To our knowledge, no studies have investigated the role of personality and social support as determinants of distress in ICD patients and their partners. Personality factors may have much explanatory power of differences in outcome, as indicated by recent research on Type D personalityalso called the distressed personality. Type D is a taxonomy based on the two stable personality traits of negative affectivity and social inhibition and denotes those individuals who experience increased negative distress and who do not express these negative emotions in social interactions (12). Type D personality has been associated with a variety of emotional and social difficulties, and increased morbidity and mortality in patients with established heart disease (1215). A recent study of patients with a first myocardial infarction also showed that personality factors may mediate the buffering effect of social support on psychological distress (16).

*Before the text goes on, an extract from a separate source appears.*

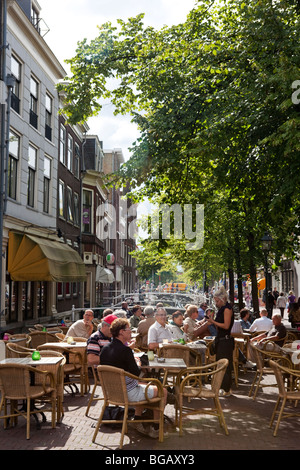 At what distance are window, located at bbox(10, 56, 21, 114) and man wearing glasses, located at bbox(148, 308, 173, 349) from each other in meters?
10.7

Little is also known about the distress levels of partners compared with ICD patients. Previous studies have been based on relative small sample sizes (10,17,18) or only focused on the reactions of family members (4). Partners may experience as much distress as patients, as evidenced in a study of cancer patients and their partners (19). Increased distress in partners would have important clinical implications and may indicate whether psychosocial programs should also be extended to partners of ICD patients.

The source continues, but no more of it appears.